The piano takes the relay from the saxophone. A few minutes later it reclaims the scene.

Jones began playing the drums as a self-taught player at 13, but his heart was promised to the instrument long before. "I've never wanted to play anything else since I was two years old. In the kitchen, I took my mother's wooden spoons and beat them on pots and pans". And that drumming had a certain effect; it caught the attention, among others, of Cream's Baker and Experience's Mitch Mitchell. But that idea always renews itself in his head: it's easier to be remembered as Coltrane's drummer than as Elvin Jones.

The double bass plays hide and seek with the brushes, reappearing in the ether, stirred by the barking noise of the place and lost in a curtain of thick smoke. Its natural extension is the fingers of Richard Davis, also destined for an ironic anonymity.

What a great album Out to Lunch! is, right?
Who did Dolphy take care to recruit on the double bass? Exactly, well done.
And for Morrison’s astral weeks? Affirmative, the answer is the same.

"The room became much bigger when Richard Davis unpacked his instrument" observed pianist Ethan Iverson in a recent tribute. Certainly, it couldn't be otherwise because greatness is not measured only in centimeters. Much more than that.

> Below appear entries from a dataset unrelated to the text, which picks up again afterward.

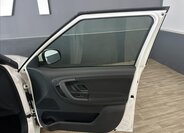 Škoda Fabia Hatchback 1,4 l 63 kw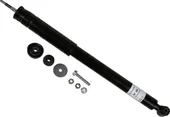 Αμορτισέρ MERCEDES C CLASS 2000 - 2003 ( W203 ) SACHS 317 268
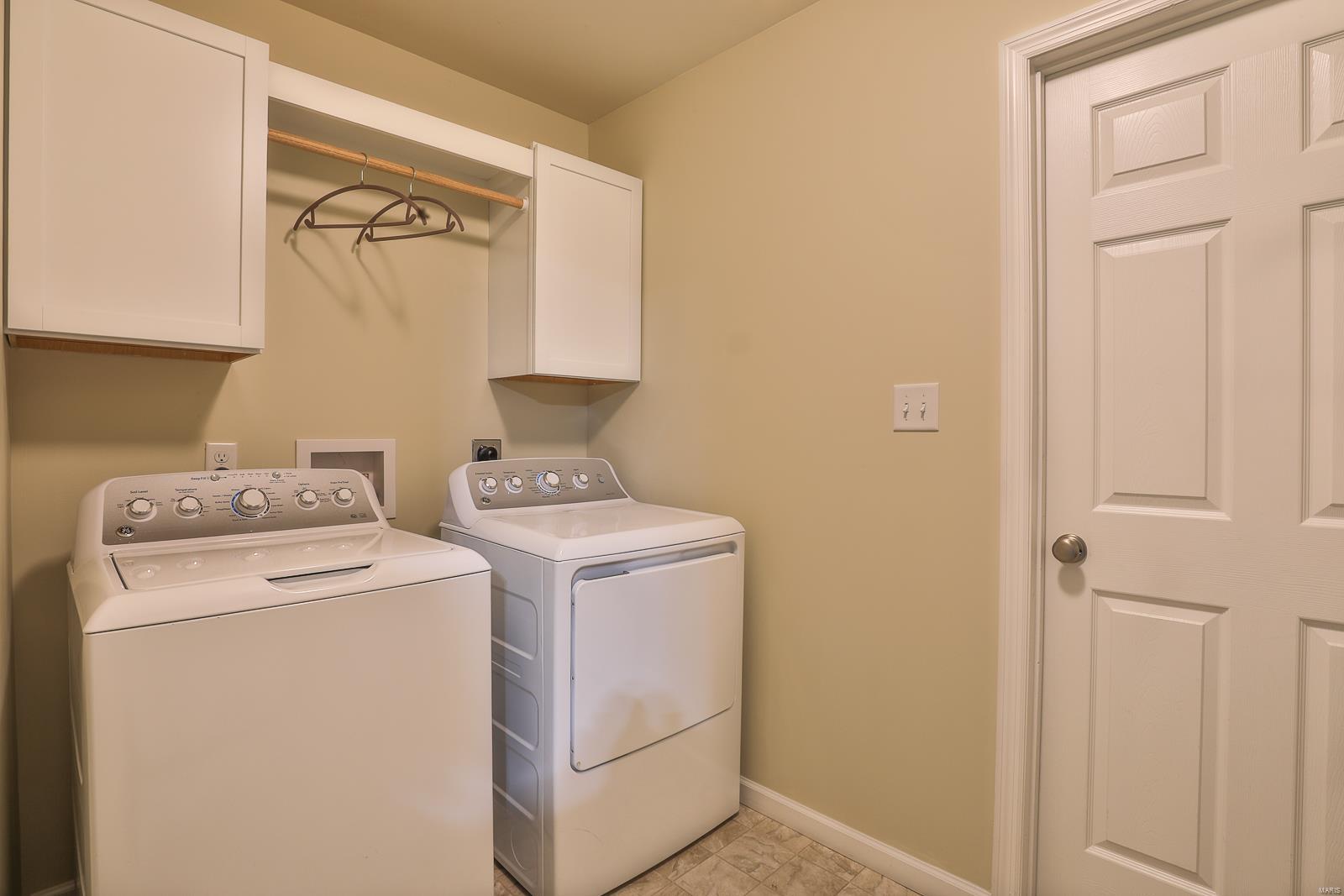 5310 Mitschang Court Property Photo 19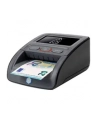 Safescan Money Checking Machine 250-08195 Black Suitable For Banknotes Number Of Detection Points 7 Value Counting (25008195) - nr 10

Multicolored lights peep through the windows, setting the facade ablaze. The glow shines on foreheads beaded with sweat, in the furrows time has etched on the skin. Meanwhile, the thousandth version of Summertime plays, this time cold and spectral, with Elvin walking alone for long stretches and Davis amusing himself with the bow tearing the soul to shreds. Damn snake charmers are all you are.

Beyond the hard bop aspect, this album offers much research, experimentation, and improvisation.
A music journalist of the time wrote: "There are no plastic people on Heavy Sounds, but real people searching for real sounds."

The clock strikes twelve and has taken three steps into the new day as the place empties. The last straggler is about to make their way to the exit while lighting a cigarette...

"Hey Elvin, you're wrong, everyone here does recognize you despite this damn smoke."